1.1 Theoretical framework

This study is based on key ethnobotanical hypotheses that explain plant use, knowledge acquisition, and the influence of socio-cultural factors. The Plant Use Value Hypothesis suggests that plant utility is linked to characteristics like abundance and size (Gaoue et al., 2017). The Optimal Foraging Theory explains plant selection based on efficiency and availability (Gaoue et al., 2017). The age, gender, and knowledge dynamics hypothesis (de Albuquerque et al., 2011) highlights how demographic traits affect plant knowledge, with older individuals and women possessing more outstanding expertise. The urbanization and knowledge loss hypothesis (Reyes-García et al., 2013) predicts a decline in traditional plant knowledge due to modernization.
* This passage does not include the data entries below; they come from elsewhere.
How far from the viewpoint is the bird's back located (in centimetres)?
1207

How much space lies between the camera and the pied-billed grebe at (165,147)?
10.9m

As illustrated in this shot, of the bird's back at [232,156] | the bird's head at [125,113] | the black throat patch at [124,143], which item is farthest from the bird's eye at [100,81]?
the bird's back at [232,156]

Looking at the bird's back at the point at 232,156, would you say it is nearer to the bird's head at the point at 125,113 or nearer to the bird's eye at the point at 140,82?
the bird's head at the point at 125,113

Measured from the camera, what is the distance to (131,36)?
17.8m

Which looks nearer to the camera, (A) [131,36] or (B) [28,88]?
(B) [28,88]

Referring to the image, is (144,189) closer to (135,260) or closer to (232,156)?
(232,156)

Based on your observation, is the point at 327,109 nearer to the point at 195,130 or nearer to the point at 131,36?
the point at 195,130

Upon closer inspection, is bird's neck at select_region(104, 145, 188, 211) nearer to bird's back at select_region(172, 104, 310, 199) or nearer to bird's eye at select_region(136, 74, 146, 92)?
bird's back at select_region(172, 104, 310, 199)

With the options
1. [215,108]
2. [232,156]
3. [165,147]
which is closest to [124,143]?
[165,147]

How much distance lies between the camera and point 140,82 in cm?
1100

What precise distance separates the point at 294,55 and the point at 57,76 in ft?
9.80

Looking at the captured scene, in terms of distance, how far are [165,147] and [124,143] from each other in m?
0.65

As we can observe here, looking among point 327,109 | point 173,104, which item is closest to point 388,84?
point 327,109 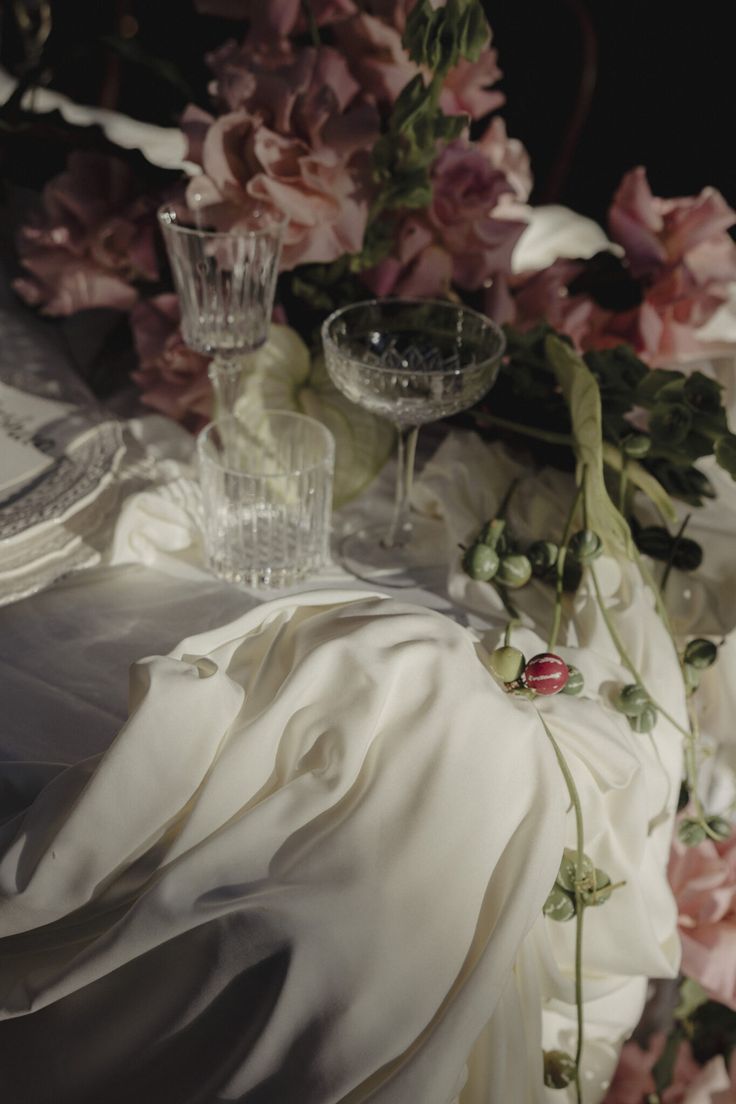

Finally, the social network hypothesis emphasizes the role of social connections in knowledge distribution and retention (Gaoue et al., 2017). These theories provide insights into how plant knowledge evolves and is maintained within communities.

2 Materials and methods

2.1 Description of study areas

The study was conducted in three regions of Tanzania: Tanga, Morogoro, and Dodoma. According to recent statistics, the Tanga region has a population of 2,615,597, while Morogoro and Dodoma have populations of 3,197,104 and 3,085,625, respectively (NBS, 2022).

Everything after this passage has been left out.